Alemães mostram Brasil aos brasileiros
A 46.ª feira do livro de Frankfurt, Alemanha, que tem o Brasil como tema este ano, só acontece em outubro, mas já começou para alguns escritores brasileiros, desde 27 de abril último.
Por iniciativa de Haus der Kulturen der Welt (Casa das Culturas do Mundo, instituição sediada em Berlim), em parceria com a Câmara Brasileira do Livro, a Biblioteca Nacional do Brasil e o Instituto Goethe, 17 escritoores foram convidados a divulgar sua obra em visitas àquele país.
As atividades incluem leituras de trechos de obras publicadas (em português, com tradução simultânea para o alemão), seminários, simpósios e reuniões de trabalho com escritores alemães, agentes literários e editores, e se encerram no próximo dia 10 de junho.
O programa dividiu os escritores brasileiros, entre romancistas, poetas e autores de literatura infanto-juvenil (note-se a ausência de nomes do teatro), em três grupos que viajam pelas principais cidades alemãs, entre as quais Berlim, Munique, Colômbia e Hamburgo.
Para selar o evento, a Casa das Culturas do Mundo, juntamente com a Editora Babel, de Berlim, lançou em abril a antologia "Nachdenken uber Eine Reise Ohne Ende - Brasilien - Literarisch" (Reflexões sobre uma Viagem Sem Fim - Literatura Brasileira", org. de ute Hernanns e Kurt Scharf), com poemas, contos e ensaios dos autores brasileiros.
O primeiro grupo, composto por seis escritores - Deonísio da Silva, Haroldo Maranhão, Luiz Antônio de Assis Brasil, Luiz Vilela, Marcelo Rubens Paiva, colunista da Folha, e esta articulista que aqui escreve -, esteve na Alemanha em verdadeira rota de colisão.
Explico: conheceram-se, souberam alguns pela primeira vez da existência do outro, diante de um atento público alemão.
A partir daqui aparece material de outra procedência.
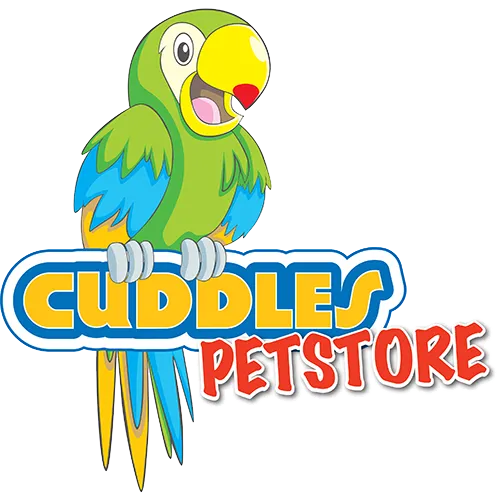 eBay Coupon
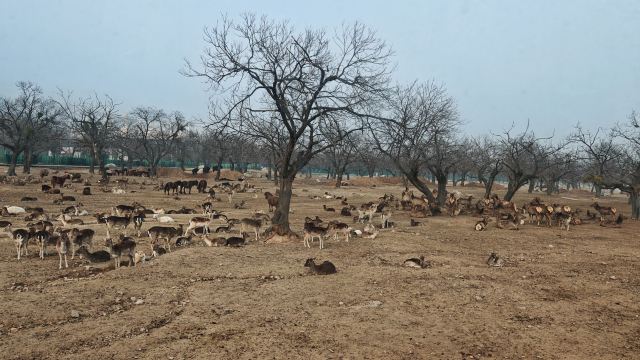西安秦岭野生动物园旅行图片 1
Era a Alemanha mostrando o Brasil ao Brasil. Afinal, quem conhece Guido Guerra, Suzana Vargas ou João de Jesus Paes Loureiro?
Muito acadêmico ou jornalista da área de cultura desconhecerá metade desses autores. A propósito, foi o que demonstrou, em matéria sobre a feira de Frankfurt, uma das principais revistas brasileiras ("Veja" 25/05/94).
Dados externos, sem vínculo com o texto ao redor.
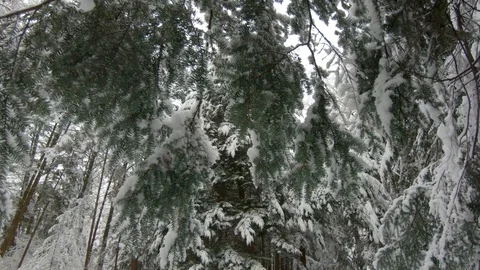 Falling snow in winter forest. Slow motion, steadicam shot Stock-Footage 103815914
A matéria da revista sequer menciona o evento promovido pela Casa das Culturas do Mundo e a presença do segundo grupo de escritores na Alemanha, naquele momento. Entre eles, Ziraldo, Ana Maria Machado e Ruth Rocha.
Ainda que se discuta o valor, o "peso" literário dos já citados e dos outros escritores do programa e da antologia - afinal, que representatividade terão Domingos Pellegrini, Marina Colasanti e tantos outros? -, o fato é que à Alemanha interessa outra coisa.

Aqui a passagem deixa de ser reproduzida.